Revised KSN key state notification message #130

Open SmithSamuelM opened 3 years ago

SmithSamuelM commented 3 years ago

In implementing the "ksn" key state notification message I found that not having the "s" for sequence number field at the top level was jarring and confusing due to the inconsistency with every other message type which does have it at the top level. Indeed when leveraging code for creating messages or when reasoning about the code it kept tripping me up not to find it there. We have several fields as the top level in the key state message that are also at the top level in other messages but not the "sn" field.

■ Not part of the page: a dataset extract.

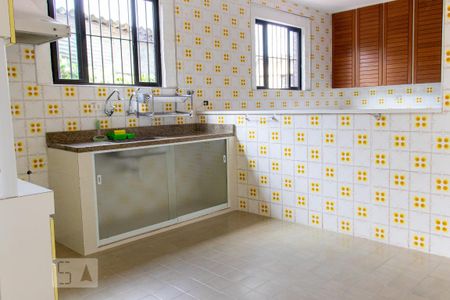 Cozinha de casa para alugar com 3 quartos, 180m² em Vila Santo Estéfano, São Paulo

This lack of consistency is also bubbled up into the parametrization of utility functions etc.

I don't think any other implementations have implemented the key state message so I don't think it would affect anyone but the python implementation and fixing it is worth the improvement in consistency with other messages and the improved. coherence that results in reasoning about the code. It also moves three fields essentially used to compare key state with key events in a log back to the top level instead of nesting them, thus simplifying the comparison code syntax.

I understand that we added a nested dict to hold fields from the latest current event in the key state, but the reason for adding that dict was because the "t" field for the latest current event type 'icp' or 'rot" would conflict with the "t" field for the 'ksn' of the key state message and rather than change the label we added a nested dict, with the "e" label, but we also moved two other fields into "e" that didn't need to be moved. These are the "s" and the "d" field which are unique at the top level and are consistent with other messages that have them at the top level. The problem is that having a nested block for only one field the current event "t" field seemed out of place so two other fields were moved instead merely adding a new unique label. Now given my experienced implementing I think that was not the best choice.. After doing the implementation It became apparent to me that adding a new label would have been simpler less confusing and easier to implement and reason about.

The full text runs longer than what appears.